Belles-de-jour

La guêpe mangeait la gelée de groseilles de la tarte. Elle y mettait une hâte méthodique et gloutonne, la tête en bas, les pattes engluées, à demi disparue dans une petite cuve rose aux parois transparentes. Je m’étonnais de ne pas la voir enfler, grossir, devenir ronde comme une araignée… Et mon amie n’arrivait pas, mon amie si gourmande, qui vient goûter assidûment chez moi, parce que je choie ses petites manies, parce que je l’écoute bavarder, parce que je ne suis jamais de son avis… Avec moi elle se repose ; elle me dit volontiers, sur un ton de gratitude, que je ne suis guère coquette, et je n’épluche point son chapeau ni sa robe, d’un œil agressif et féminin… Elle se tait, quand on dit mal de moi chez ses autres amies, elle va jusqu’à s’écrier : « Mes enfants, Colette est toquée, c’est possible, mais elle n’est pas si rosse que vous la faites ! » Enfin elle m’aime bien.
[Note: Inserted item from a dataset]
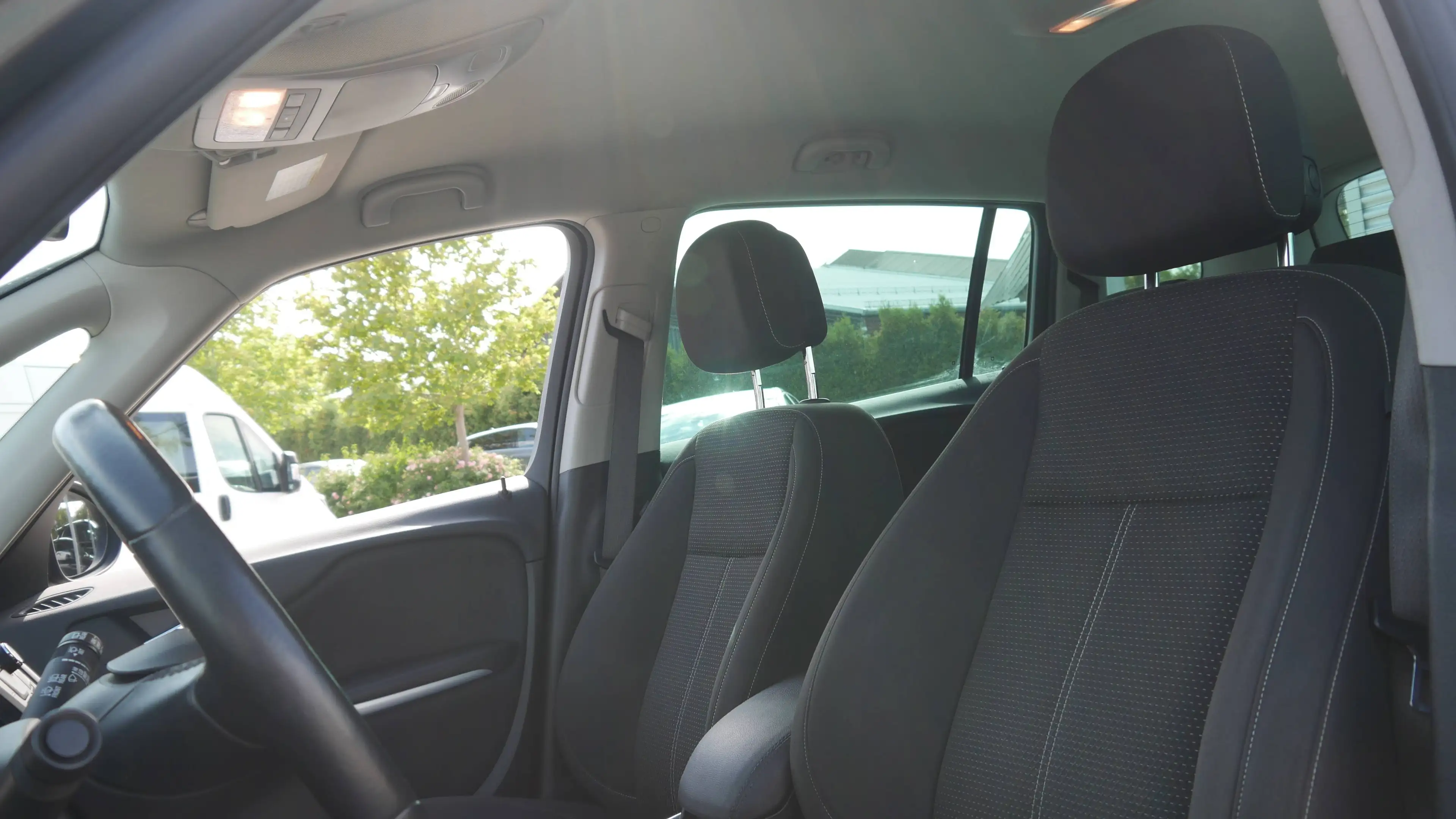 Opel Zafira Tourer Euro 6 Scheckhefgepflegt 2. Hand Fahrradträger Standheiz. Klima Tempomat — photo 13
Je ressens, à la contempler, ce plaisir apitoyé et ironique qui est une des formes de l’amitié. On n’a jamais vu une femme plus blonde, ni plus blanche, ni plus habillée, ni plus coiffée ! La nuance de ses cheveux, de ses vrais cheveux, hésite délicatement entre l’argent et l’or, il fallut faire venir de Suède la chevelure annelée d’une fillette de six ans, quand mon amie désira les « chichis » réglementaires qu’exigent nos chapeaux. Sous cette couronne d’un métal si rare, le teint de mon amie, pour ne point en jaunir, s’avive de poudre rose, et les cils, brunis à la brosse, protègent un regard mobile, un regard gris, ambré, peut-être aussi marron, un regard qui sait se poser, câlin et quémandeur, sur des prunelles masculines, câlines et quémandeuses.
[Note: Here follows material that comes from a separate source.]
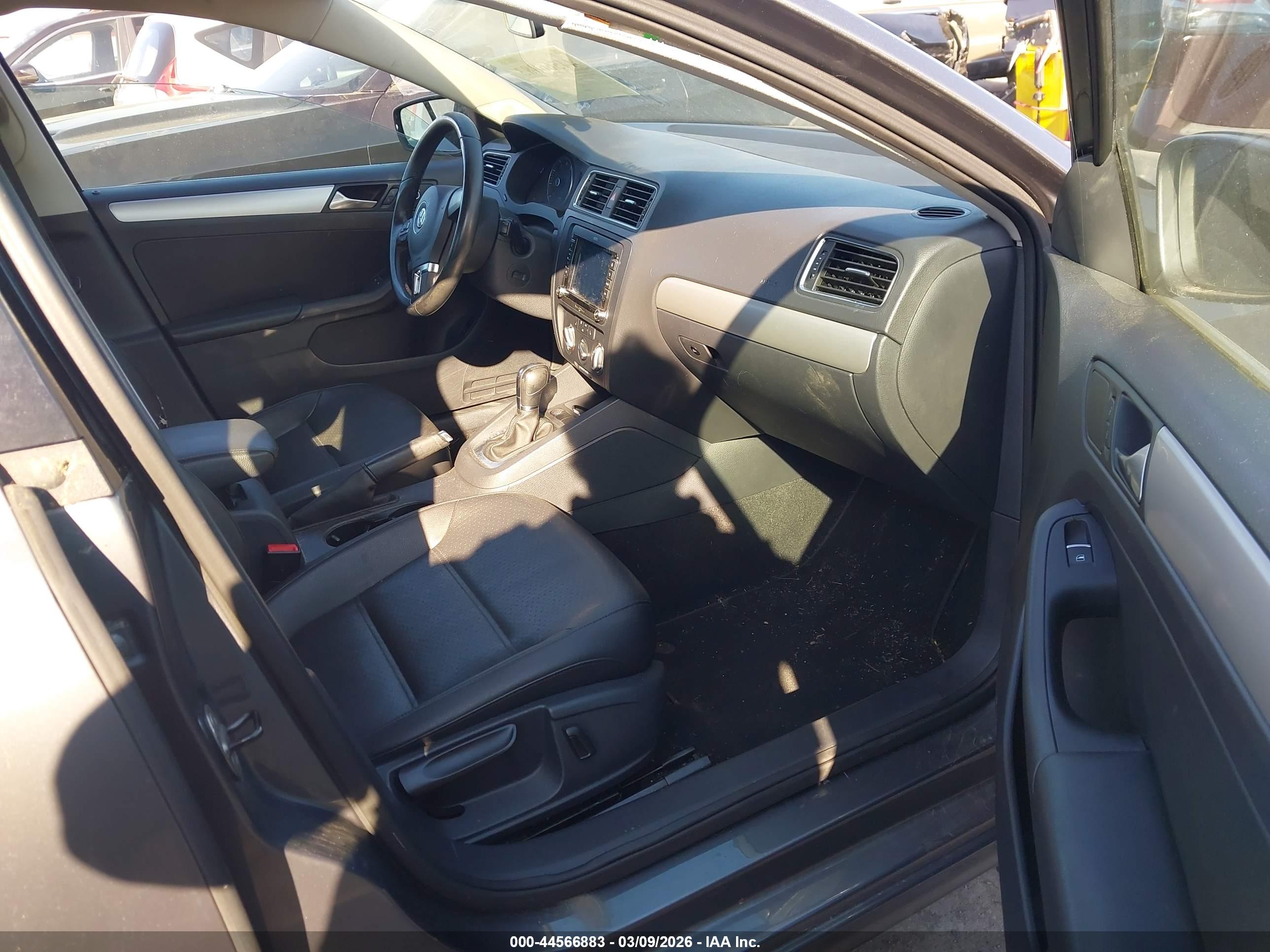 VOLKSWAGEN JETTA image 5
Telle est mon amie, dont j’aurai dit tout ce que je sais, si j’ajoute qu’elle se nomme Valentine avec quelque crânerie, par ce temps de brefs diminutifs où les petites noms des femmes, – Tote, Moute, Loche, – ont des sonorités de hoquet mal retenu…

« Elle a oublié », pensais-je patiemment. La guêpe, endormie ou morte de congestion, s’enlisait, la tête en bas, dans la cuve de délices… J’allais rouvrir mon livre, quand le timbre grelotta, et mon amie parut. D’une volte elle enroula à ses jambes sa jupe trop longue et s’abattit près de moi, l’ombrelle en travers des genoux, geste savant d’actrice, de mannequin, presque d’équilibriste, que mon amie réussit si parfaitement chaque fois…
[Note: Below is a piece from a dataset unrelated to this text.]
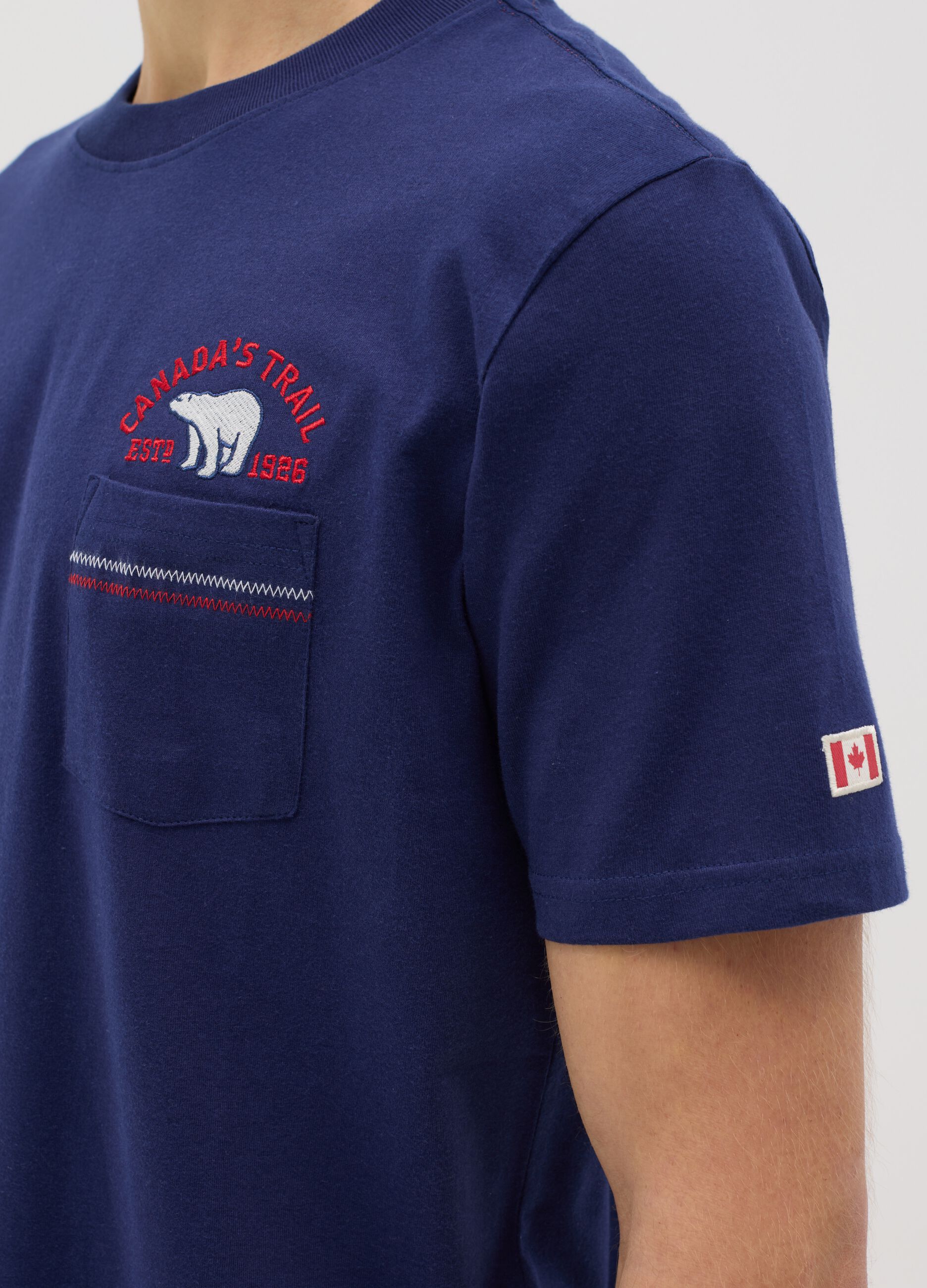 Canada's Trail blue T-shirt with pocket and embroidery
– Voilà une heure pour goûter ! Vous êtes étonnante, vous qui vivez entre votre chien, votre chatte et votre livre ! vous croyez que Lelong me réussira des amours de robes sans que je les essaie ?

– Allons… mangez et taisez-vous. Ça ? c’est pas sale, c’est une guêpe. Figurez-vous qu’elle a creusé toute seule ce petit puits ! Je l’ai regardée, elle a mangé tout ça en vingt-cinq minutes.

– Comment, vous l’avez regardée ? Quelle dégoûtante créature vous êtes, tout de même ! Non, merci, je n’ai pas faim. Non, pas de thé non plus.

– Alors je sonne, pour les toasts ?

– Si c’est pour moi, pas la peine… Je n’ai pas faim, je vous dis.

– Vous avez goûté ailleurs, petite rosse ?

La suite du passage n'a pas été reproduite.